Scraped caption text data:
__________
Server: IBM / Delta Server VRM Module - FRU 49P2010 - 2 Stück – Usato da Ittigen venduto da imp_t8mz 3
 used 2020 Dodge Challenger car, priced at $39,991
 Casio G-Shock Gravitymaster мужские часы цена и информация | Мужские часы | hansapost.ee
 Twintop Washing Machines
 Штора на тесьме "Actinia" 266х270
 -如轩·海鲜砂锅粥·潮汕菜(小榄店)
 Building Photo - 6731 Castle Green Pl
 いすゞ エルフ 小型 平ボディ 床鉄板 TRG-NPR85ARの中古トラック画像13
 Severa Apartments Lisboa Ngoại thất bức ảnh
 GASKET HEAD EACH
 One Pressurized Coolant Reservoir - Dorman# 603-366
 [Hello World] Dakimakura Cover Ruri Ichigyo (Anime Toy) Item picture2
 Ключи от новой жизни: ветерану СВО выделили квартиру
__________
Task statement: Give back, unchanged, every line from the one with "いすゞ エルフ 小型 平ボディ 床鉄板 TRG-NPR85ARの中古トラック画像13" to the end of the entries above.

Expected answer:
 いすゞ エルフ 小型 平ボディ 床鉄板 TRG-NPR85ARの中古トラック画像13
 Severa Apartments Lisboa Ngoại thất bức ảnh
 GASKET HEAD EACH
 One Pressurized Coolant Reservoir - Dorman# 603-366
 [Hello World] Dakimakura Cover Ruri Ichigyo (Anime Toy) Item picture2
 Ключи от новой жизни: ветерану СВО выделили квартиру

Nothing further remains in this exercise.